Regulatory barriers to power plant development create mounting cost and grid reliability concerns. They are also the prime determinants of energy emissions. In November, the CEO of the North American Electric Reliability Corporation bluntly stated that the United States has not proven its ability to develop infrastructure to support a reliable energy transition. Industry surveys cite regulatory approvals for permitting and grid interconnection as the largest barriers to power plant development today. Congress passed incremental permitting reform in the Fiscal Responsibility Act of 2023, while the Federal Energy Regulatory Commission (FERC) did so for interconnection in issuing Order 2023 this summer. However, in both cases, the heavy lifting remains undone.
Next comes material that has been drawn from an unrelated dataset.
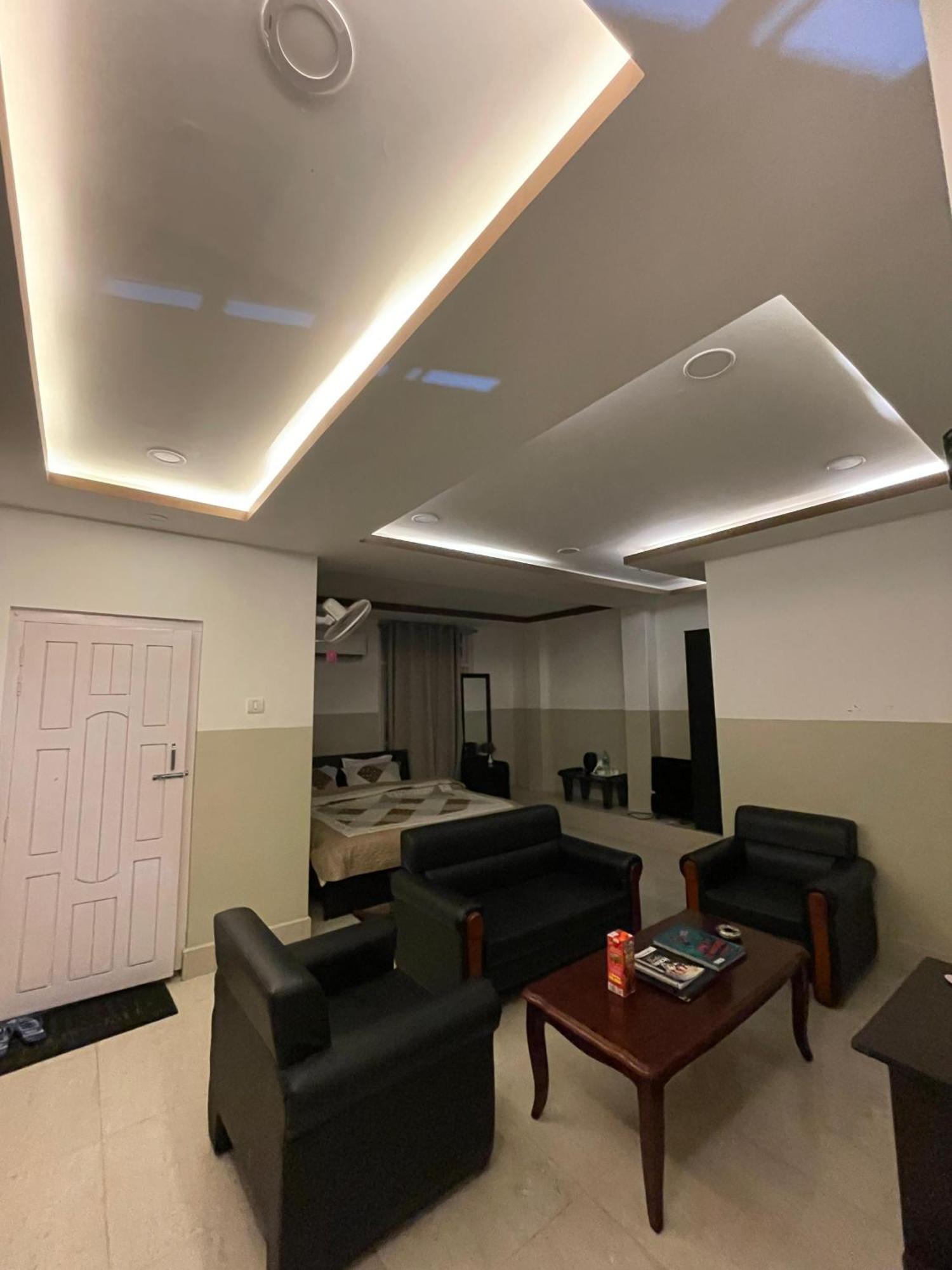 2K Hotel Kohima ภายนอก รูปภาพ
Congress is quite familiar with permitting reform. Resolving sticky issues like judicial review and community engagement are next on the slate. Congress is quickly getting up to speed on how to resolve outstanding problems in generator interconnection. Meaningful congressional engagement requires understanding interconnection basics, the impact of Order 2023, the outstanding reforms that remain and the best role for Congress in finishing interconnection reform.

Interconnection Basics

Interconnection refers to the rules that new power generators must follow to connect to the electric grid. Regional grid operators, typically regional transmission organizations (RTOs), have differing interconnection rules that fall within FERC parameters. Generally, regions require generators to submit an interconnection request, after which they wait in a queue as multiple studies assess the grid impact of the new power plant. The studies identify if transmission upgrades are needed to connect the plant safely and reliably. They also inform upgrade costs and how costs are allocated according to specific regional procedures. Once all conditions are satisfied, the owner of the transmission system and the plant owner execute an interconnection agreement that delineates operational terms and cost responsibilities.

Most regions use a three-part study series: feasibility, system impact and facilities. These studies use limited assumptions and consider only conventional technologies, such as building new lines, as options for solving identified potential system overloads. The studies are resource-intensive and are often redone if a proposed generator higher in the queue withdraws a project because its absence may change the upgrade needs for other proposed generators.

Most regions allocate nearly all upgrade costs to the generator under the assumption that the vast majority of benefits accrue to the individual generator. This holds true for local upgrades, such as transmission facilities adjacent to a generator. But a broader array of generators benefit from network upgrades that occur on the larger transmission system, such as rebuilding older lines or substations.

Interconnection processes were designed 20 years ago for fewer and larger centralized power plants with predominantly vertically-integrated utilities, in which one company owned the generation and transmission facilities. A decade ago, about 100 gigawatts (GW) of new capacity entered interconnection queues annually, which ballooned to 700 GW in 2022. In addition to a surge in volume, the geographic composition of new generators is far more dispersed. The ownership composition has also changed, with competitive generators comprising the bulk of interconnection requests in many regions. Meanwhile, the transmission system has less slack, necessitating more network upgrades to accommodate new power plants.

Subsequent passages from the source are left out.